The House is set to vote today on a bill that would severely limit funding for U.S. military action in Libya, what would amount to a bipartisan rebuke of a sitting president’s decision to authorize military strikes in the North African country without the approval of Congress. Votes are expected anytime from noon to late afternoon.
Republican leaders, who control the House floor, are allowing two key votes on the Libya today. The defunding measure is being offered by Rep. Tom Rooney (R-FL) and would cut off funds for airstrikes or any other combat but would allow the U.S. to serve in a supporting role to the now-NATO-led operation, which would include air refueling, intelligence and search-and-rescue operations.
The other key vote, which will occur earlier in the afternoon, would authorize military action in Libya for one year and provide the Congressional seal-of-approval that the mission has so far lacked. Rep. Alcee Hastings (D-FL) is the chief sponsor.

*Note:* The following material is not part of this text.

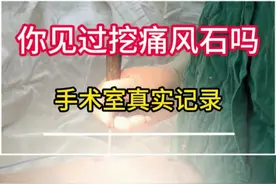 痛风石也能“挖呀挖呀”吗？ #痛风石 #挖呀挖呀挖 #真实记录  #医学科普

Support for the bill cutting off funding has been building all week, and there’s a very real chance it could pass, delivering a major blow to a sitting president’s foreign policy decisions just as his reelection campaign shifts into high gear.
Members of Congress across the political spectrum have expressed outrage that Obama failed to consult or win Congressional approval before moving forward with an expensive military campaign amid growing anxiety over the nation’s budget woes. Others cite the 1973 War Powers Act, which requires the White House to obtain Congressional approval for the use of military force after 60 days of first initiating it, with a 30 day extension. The combat in Libya started well over 90 days ago.
Secretary of State Hillary Clinton held an emergency meeting with House Democrats Thursday in an attempt to persuade them not to jump on board the defunding train. After the meeting, many Democrats remain unswayed by her arguments.